The Asian Development Bank (ADB) has approved a $415 million USD grant to boost Afghanistan’s energy supply and strengthen the country’s cross-border trade in energy.
“Insufficient energy supplies constrain growth and income opportunities that can fuel ethnic and regional tensions, as well as insecurity,” said Asad Aleem, Senior Energy Specialist in ADB’s Afghanistan Resident Mission.
“This assistance will support the government’s $10.1 billion national energy supply program, which aims to expand power supply to boost economic growth and cut poverty,” Aleem said.
Afghanistan has seen energy demand grow by almost twice its economic growth rate from 2005 to 2012, with the country sourcing around 80 percent of its total supplies from neighboring countries. Reliance on energy imports, the small size of the domestic market, limitations in transmission and distribution networks, and governance and financing weaknesses leave energy security highly vulnerable.
The national grid is also not synchronized with the systems of the four countries – Iran, Tajikistan, Turkmenistan, and Uzbekistan – from which Afghanistan imports power, resulting in higher costs and reduced reliability of supply.
The project will finance the new 500-megawatt back-to-back converter station – a critical step towards expanded power imports – at Dashte Alwan to connect a new 500-kilovolt interconnection line with Turkmenistan with another 500-kilovolt line stretching to Kabul.
The converter will allow Turkmen power into the Afghan grid under the 10-year power purchase and sales agreement signed in November 2015 between the two countries.
In addition, it will construct a 180-kilometer 220-kilovot transmission line from Doshi to Bamiyan to expand the grid to at least eight additional provinces and distribute power to nearly 150,000 people.
The assistance comprises $188.23 million USD from the Asian Development Fund, $1 million USD from the People’s Republic of China Regional Cooperation and Poverty Reduction Fund, and $225.77 million USD co-financing from the Afghanistan Infrastructure Trust Fund (AITF), which will be administered by ADB.

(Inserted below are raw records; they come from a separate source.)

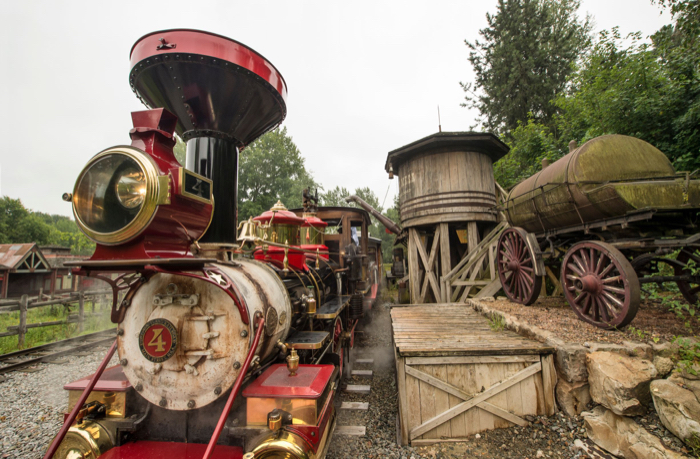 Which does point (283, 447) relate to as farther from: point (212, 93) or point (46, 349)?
point (46, 349)

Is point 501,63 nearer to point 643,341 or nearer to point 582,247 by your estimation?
point 582,247

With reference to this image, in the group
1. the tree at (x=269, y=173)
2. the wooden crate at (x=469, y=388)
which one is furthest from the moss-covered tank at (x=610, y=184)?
the tree at (x=269, y=173)

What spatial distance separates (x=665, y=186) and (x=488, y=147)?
484cm

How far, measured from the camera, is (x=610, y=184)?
325 cm

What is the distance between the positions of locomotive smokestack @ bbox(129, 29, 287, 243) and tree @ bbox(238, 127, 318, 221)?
62.0 ft

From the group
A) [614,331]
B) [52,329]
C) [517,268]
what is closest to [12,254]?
[52,329]

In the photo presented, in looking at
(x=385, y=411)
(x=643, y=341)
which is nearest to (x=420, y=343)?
(x=385, y=411)

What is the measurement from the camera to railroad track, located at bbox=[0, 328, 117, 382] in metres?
5.38

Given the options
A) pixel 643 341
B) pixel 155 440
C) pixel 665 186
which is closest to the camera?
pixel 155 440

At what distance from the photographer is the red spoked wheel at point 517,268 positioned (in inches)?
185

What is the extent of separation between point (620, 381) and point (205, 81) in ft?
14.5

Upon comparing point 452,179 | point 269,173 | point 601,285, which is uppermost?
point 269,173

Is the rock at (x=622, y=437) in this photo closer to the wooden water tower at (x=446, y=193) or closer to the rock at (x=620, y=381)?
the rock at (x=620, y=381)

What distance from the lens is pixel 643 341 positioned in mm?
2855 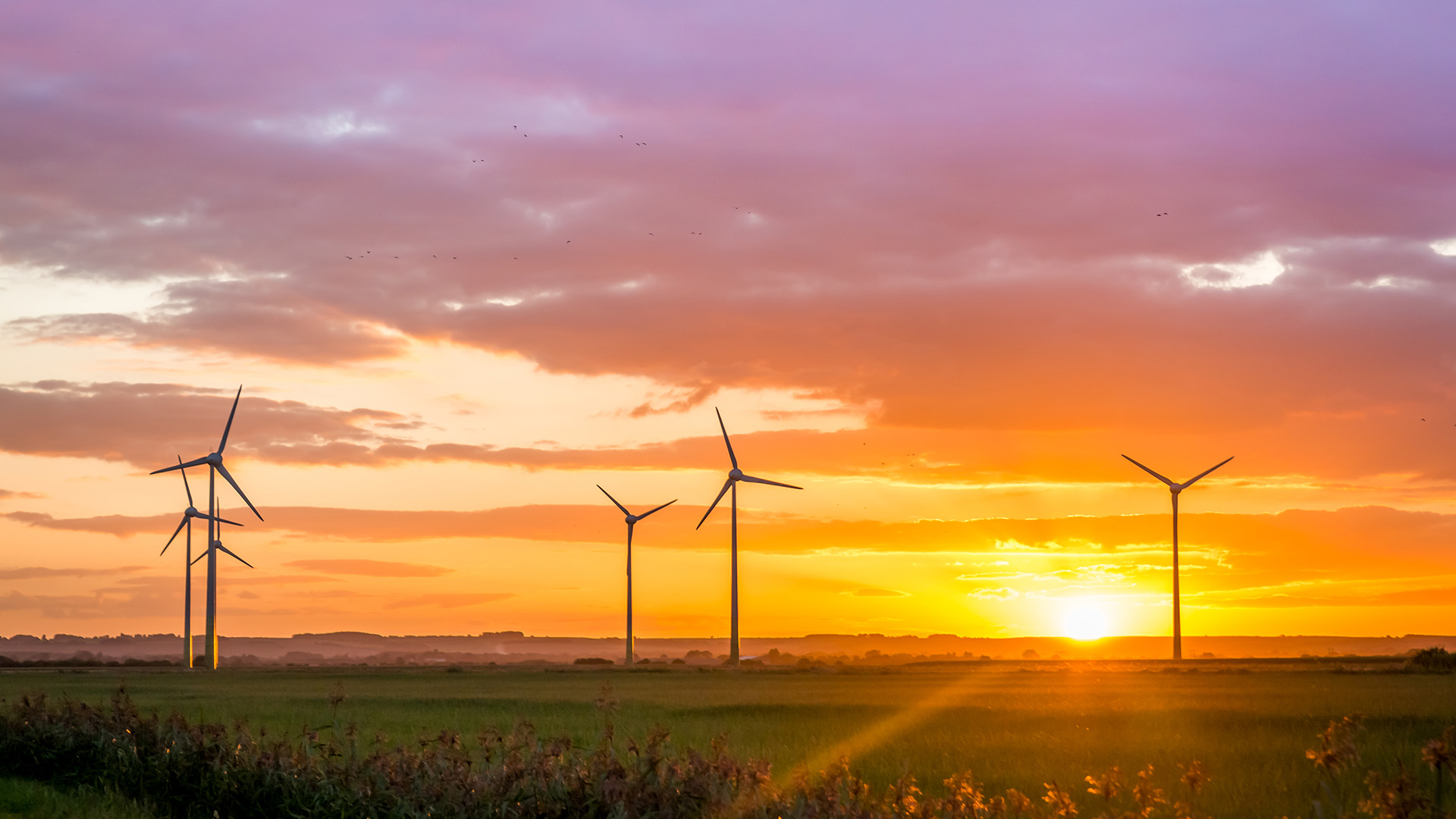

ADB’s is Afghanistan’s largest development partner in the energy sector with cumulative grant assistance of nearly $2.2 billion USD all of which is on budget with the government.
Its support is crucial given the government’s limited resources and the constraints on private investment. The program is supporting targets of the government’s national energy supply program, which include increasing the country’s electrification rate from 30 percent to 83 percent and lifting the share of domestic generation from 20 percent to 67 percent by 2030.
ADB, based in Manila, is dedicated to reducing poverty in Asia and the Pacific through inclusive economic growth, environmentally sustainable growth, and regional integration. Established in 1966, ADB in December 2016 will mark 50 years of development partnership in the region. It is owned by 67 members – 48 from the region.